Visitors who have a few million francs stuffed away in a secret bank account, or business at one of the many European Community institutions that sprawl across the bleak Plateau de Kirchberg, usually miss what the inhabitants regard as the real Luxembourg - the tinytowns, castles and villages. To the north is the Ardennes, with its rolling hills and deep valleys; to the south, the industrial belt where steel and coal still provide the backbone of the economy. Considering that the whole country covers just less than 1,000 sq miles, there is a great variety of scenery and an architectural heritage from the Middle Ages, the Baroque period and the 19th century.

Few of those who work for the EC in Luxembourg seem to have much idea of what goes on behind their neighbours' closed doors. 'It is as if there were a contract,' says one former inhabitant. 'We get our tax privileges and a decent lifestyle, they get left alone.' Hence, they have come to like, even love, the place. One describes it as 'Wiltshire with banks', a place where a minor official in the Court of Auditors can live like a country squire. The better-off can buy a new car, tax free, every 18 months and a pink-washed 18th-century farmhouse in a leafy valley. The language, Letzebuertesch, sounds to outsiders like an amalgam of German, French and Dutch. Written down it is even more confusing - but, though the written form is increasingly common, most newspapers, signs and announcements are still in French or German.

But Luxembourg has problems, and not just with its currency. It hosts many of the EC institutions, including the secretariat of the European parliament. Why this should be in Luxembourg when the assembly meets in Strasbourg and has its main buildings in Brussels is a mystery which only experts on the earliest days of the EC understand. With the construction of new offices for the parliament in Brussels, some of the administrative staff are moving up the road. Luxembourg is going to the European Court of Justice to defend itself, quoting the 1958 Treaty of Rome. The Court, by the way, is in Luxembourg.

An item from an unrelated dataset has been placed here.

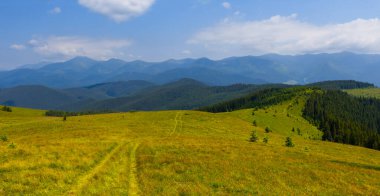 green mountain chain under blue cloudy sky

There is also the knotty question of its European residents. Under the Maastricht treaty (mainly the work of Luxembourg) the country must give all Europeans on its territory the right to vote in European and local elections. But since a quarter of the population is foreign born (Portuguese and Italian immigrant labour, plus the ever-present Eurocrats), that could have some strange effects, particularly in the villages where the Portuguese are in a majority. Last week, the EC Council of Ministers agreed that Luxembourg could ban parties formed by national groups.

Most importantly, however, the very question of small states is starting to be controversialin the EC. When (and if) the Community takes in Sweden, Austria, Finland and maybe Norway, the number of members will reach 16.

The trouble is that being a small sovereign state is increasingly fashionable. Andorra has taken the plunge, throwing off the shackles of the Bishop of Urgel and the President of France in a referendum in March. Slovenia did it in rather more dramatic form when it liberated itself from Yugoslavia in 1991, as did the three Baltic states with the Soviet Union. Then there are the existing micro-states - Lichtenstein, San Marino, the Vatican, but also Malta and Cyprus. These 10 countries together have a combined population of 12.5 million, which is smaller than The Netherlands; would it make sense for them to have 10 times as many votes if they were to join the Community?

Besides which, isn't the point of European federalism to, well, dissolve sovereignty painlessly, like aspirin with a headache? Luxembourg is one of the great advocates of integration, but it is not about to give up its independence just so the big countries can have an easier life.

To cap it all, Luxembourg has had a rough time in the European qualifying rounds for the World Cup. They are at the bottom of Group 5, with one point and two goals out of seven games, and were thrashed 3-1 by Greece on Tuesday night. Even Iceland has done better - and it has a mere 250,000 citizens.